As per my little knowledge, inflation can also be controlled by adopting other measures e.g. by increasing supply, increasing agricultural & industrial production, reduction in unnecessary Govt. expenditure etc. Should the salaries of ministers having ministries which made impact on inflation, big beaurocrats, high officers of RBI etc. should not reduced whenever every increase in inflation is noticed? Can anybody clear my confusion.



In Reply to SUBHASH CHANDER 5 years ago

My full name is Subhash Chander Mehta. In these columns, names Subhash Chander & Subhash Mehta may please be considered as of one & the same person. Thanks.

Anil Agashe

5 years ago

RBI's 9th interest rate hike in a year half. The earlier rates have made no impact on inflation. Has the time come to stop salary increases to moderate demand? RBI intervention can have no effect on food inflation.All the money pumped through sixth pay commission and NAREGA and doubling MSP are may be responsible for food inflation. Companies are increasing prices to maintain margins and stock prices with very little relation to rise in input costs.

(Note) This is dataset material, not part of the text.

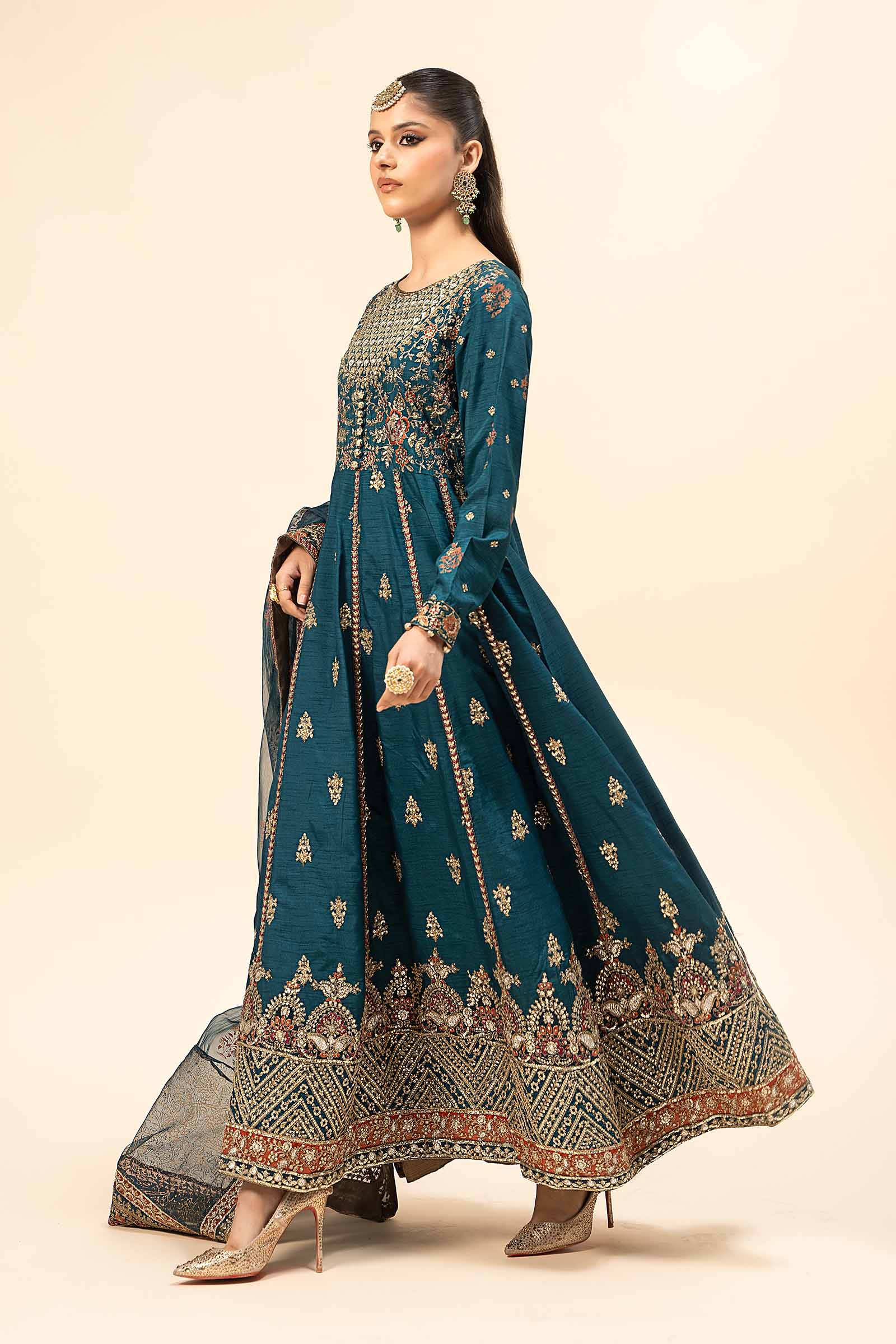 Maira B | Ready to Wear | SF-W24-65 - House Of Hania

The stimulous package of 08 was more than necessary and only helped the industry to protect their margins in auto, FMCG and White Goods sector.



In Reply to Anil Agashe 5 years ago

Yes. I am agreed with your views. Please read my comments given under these columns carefully and comment on my confusion. Whether all populist measures & heavy expenditures on ministers can be curtailed to curb Govt. expenditure? & Whether my demand for reduction of salaries and perks of ministers as well as high officers of Govt. & RBI, is justified or not?


5 years ago

Considering that inflation has been steady at about 9%, the savings interest rate should have been at least 9 % and the term deposit rates substantially higher. This would have prevented non-productive, speculative investments in gold and land raising their prices to silly heights.


5 years ago

why is government not raising the interest on Small Saving Schemes ? e.g.:PPF is still 8% and EPF subscribers enjoy higher rate, why so ?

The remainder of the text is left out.